His teammates have defended him too. Pointing the finger at Peyton Manning “would be neglecting all the things he did this season to get us to this point,” says Broncos tight end Julius Thomas. “By no means are we blaming Peyton for anything. He is the reason we are here, he is our leader, and we are going to stand by him.”
Manning himself was asked if the loss was embarrassing. “It’s not embarrassing at all,” he said. “I never use that word. There are a lot of professional football players in the locker room who put a lot of hard work and effort into being here and playing in that game. The word ‘embarrassing’ is an insulting word, to tell you the truth.’”
So were Fox, Manning and the rest of the team seeing the same game as the rest of us? They know the score was 43-8, right?
After the game, the Broncos sounded like a team in denial. Yes, Manning did not give up those 43 points, and his statistical line was far from awful. He went 34-47, for 280 yards, with a touchdown pass and two interceptions. The 34 completions were even a Super Bowl record. The most hollow Super Bowl record in history, but a record nonetheless.
At least the Denver quarterback could concede the evening was depressing. “I don’t know if you ever really get over it,” he said.
Manning has lost two of his three Super Bowl appearances — little brother Eli has more Super Bowl rings — and now, at 37, he is running short on time. Many all-time great quarterbacks, like Dan Marino, never even won a Super Bowl. Others, like Brett Favre, won just one. Manning doesn’t need a Super Bowl to cement his legacy. But after all he has accomplished, after coming back from the neck surgeries and switching teams and setting the records, he’s due one more. If he doesn’t get that second Super Bowl – like his boss, John Elway, did – his career will end with a tinge of disappointment.
Make no mistake: Manning ran into the wrong team Sunday night. Even at his best, he’s probably not beating the Seahawks’ defense, best in the NFL this season and brilliantly capable of thwarting the big Manning pass. Manning’s longest completion was for 23 yards, and that play resulted in a turnover; Seattle’s Byron Maxwell stripped the ball from Denver receiver Demaryius Thomas.
“What about this defense?” Seattle coach Pete Carroll screamed in the jubilant Seattle locker room afterwards, his voice hoarse.“This defense goes plus four today!” Denver had four turnovers, Seattle, none. “Plus four!” The team hoots and hollers.

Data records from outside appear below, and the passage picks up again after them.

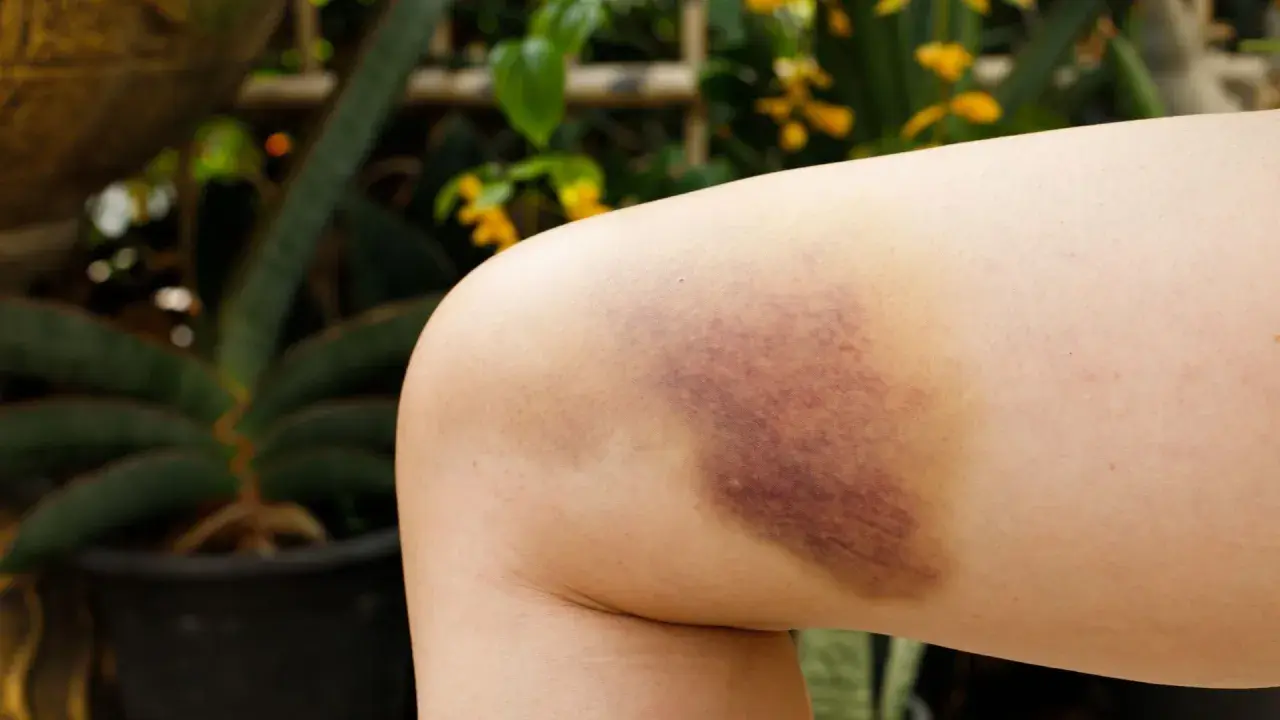 Pierna con un gran hematoma oseo, morado y amarillento, resultado de un golpe.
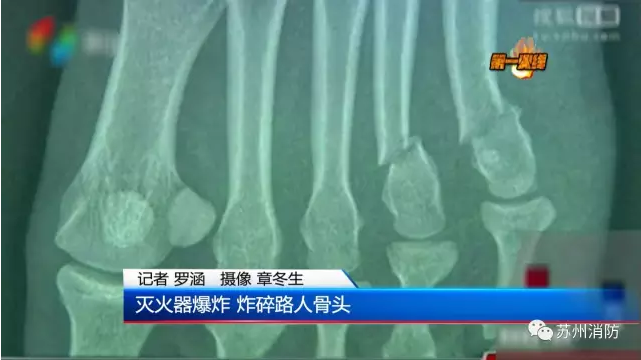 滅火器爆炸 炸碎路人骨頭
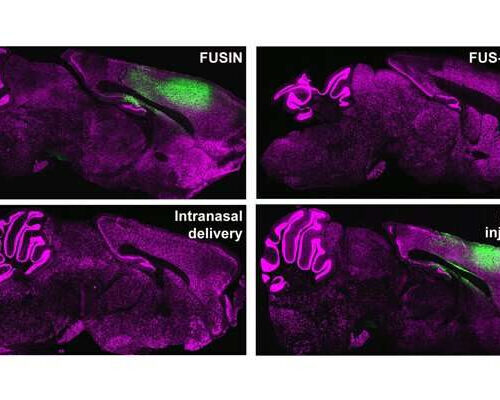 A sound approach for effective gene therapy delivery to the brain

“Dominant, dominant, dominant,” says Seattle defensive end Red Bryant. “That defense right there, it’s got to go down as one of the best. Got to go down. What’s so great about it, they called us misfits. Nobody wanted us. We’re the best.” A radio reporter asked Bryant about returning to his native Jasper, Texas as a Super Bowl champ. “I got so much love waiting on me!” Bryant shouted.
“We’re just young guys with a bunch of chips on our shoulders,” says Seattle linebacker Cliff Avril, whose second quarter hit on Manning led to an interception and touchdown return for linebacker Malcolm Smith, the game’s MVP. Seattle’s “Legion of Boom” secondary, headlined by Richard Sherman, gets plenty of media attention. But Seattle’s defensive line was key. Manning hasn’t been pressured much all playoffs. In the Super Bowl, however, he felt plenty of heat.
“The line was humming,” says Maxwell. “We’ve got like 8 dudes that can be All-Pro.” Jeremy Lane, a Seattle cornerback, called his crew the greatest defense of all-time.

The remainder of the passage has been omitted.